Closed fbattke closed 1 year ago

fbattke commented 1 year ago

We have found some constellations where LIMIT clauses are incorrectly pushed down to oracle before the WHERE clause is applied, leading to empty resultsets where results should have been found.

A prototypical example:

FOREIGN TABLE oracle_table ( id INT, oracle_value TEXT); TABLE postgres_table1(id INT, id2 INT, postgres_value1 INT); TABLE postgres_table2(id2 INT, postgres_value2 INT);

SELECT * FROM postgres_table1 JOIN oracle_table USING (id) JOIN postgres_table2 USING (id2) -- join against postgres_table1 WHERE oracle_table.oracle_value='A' AND postgres_table2.postgres_value2=5 LIMIT 1;

Limit  (cost=10000.83..10013.91 rows=1 width=52)
   ->  Nested Loop  (cost=10000.83..10013.91 rows=1 width=52)
         ->  Nested Loop  (cost=10000.42..10013.44 rows=1 width=20)
               ->  Foreign Scan on oracle_table  (cost=10000.00..10010.00 rows=1 width=10)
                     Oracle query: SELECT /*65d552e5673a17e3*/ r2."id", r2."oracle_value" FROM "oracle_table" r2 WHERE (r2."oracle_value" = 'A') 
                       FETCH FIRST 1 ROWS ONLY
               ->  Index Scan using postgrs_table1_id on postgres_table1  (cost=0.42..3.44 rows=1 width=20)
                     Index Cond: (id = (oracle_table.id)::integer)
         ->  Index Scan using postgres_table2_id on postgres_table2  (cost=0.42..0.46 rows=1 width=10)
               Index Cond: (id2 = postgres_table1.id2)
               Filter: (postgres_value2 = 5::integer)
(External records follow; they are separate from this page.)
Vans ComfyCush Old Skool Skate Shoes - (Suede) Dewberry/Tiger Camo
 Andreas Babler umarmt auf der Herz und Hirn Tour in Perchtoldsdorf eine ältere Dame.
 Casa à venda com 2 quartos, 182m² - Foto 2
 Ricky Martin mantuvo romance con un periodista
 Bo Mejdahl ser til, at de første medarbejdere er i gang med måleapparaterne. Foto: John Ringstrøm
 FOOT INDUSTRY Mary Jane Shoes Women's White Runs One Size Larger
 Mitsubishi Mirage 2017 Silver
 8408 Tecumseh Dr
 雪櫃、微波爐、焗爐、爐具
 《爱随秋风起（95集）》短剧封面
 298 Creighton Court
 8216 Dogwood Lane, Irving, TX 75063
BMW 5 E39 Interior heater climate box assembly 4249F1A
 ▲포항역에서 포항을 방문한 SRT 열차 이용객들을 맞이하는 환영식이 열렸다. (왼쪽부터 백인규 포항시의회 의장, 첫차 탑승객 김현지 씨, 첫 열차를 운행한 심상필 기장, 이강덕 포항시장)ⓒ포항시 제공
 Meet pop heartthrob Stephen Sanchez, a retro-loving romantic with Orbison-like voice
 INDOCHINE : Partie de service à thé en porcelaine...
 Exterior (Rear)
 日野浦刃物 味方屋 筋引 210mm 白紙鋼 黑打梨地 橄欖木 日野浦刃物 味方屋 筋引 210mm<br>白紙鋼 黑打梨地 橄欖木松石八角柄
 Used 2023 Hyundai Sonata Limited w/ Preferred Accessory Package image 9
A workaround seems to be to adding an ORDER BY clause:

SELECT * FROM postgres_table1 JOIN oracle_table USING (id) JOIN postgres_table2 USING (id2) -- join against postgres_table1 WHERE oracle_table.oracle_value='A' AND postgres_table2.postgres_value2=5 ORDER BY id LIMIT 1;

This issue was introduced with 2.4 and is present in 2.5. We haven't yet have time to check 2.6, but from the git history I don't see an obvious change that would address it.

laurenz commented 1 year ago

Thanks for the report; this is indeed a bug. Could you check if my patch fixes your problem?

fbattke commented 1 year ago

Thanks, that was super quick! We currently have no test instance with postgres >=13.10, so we can't install the 2.6 release of oracle_fdw. It may take a bit longer to get the patch tested, unfortunately.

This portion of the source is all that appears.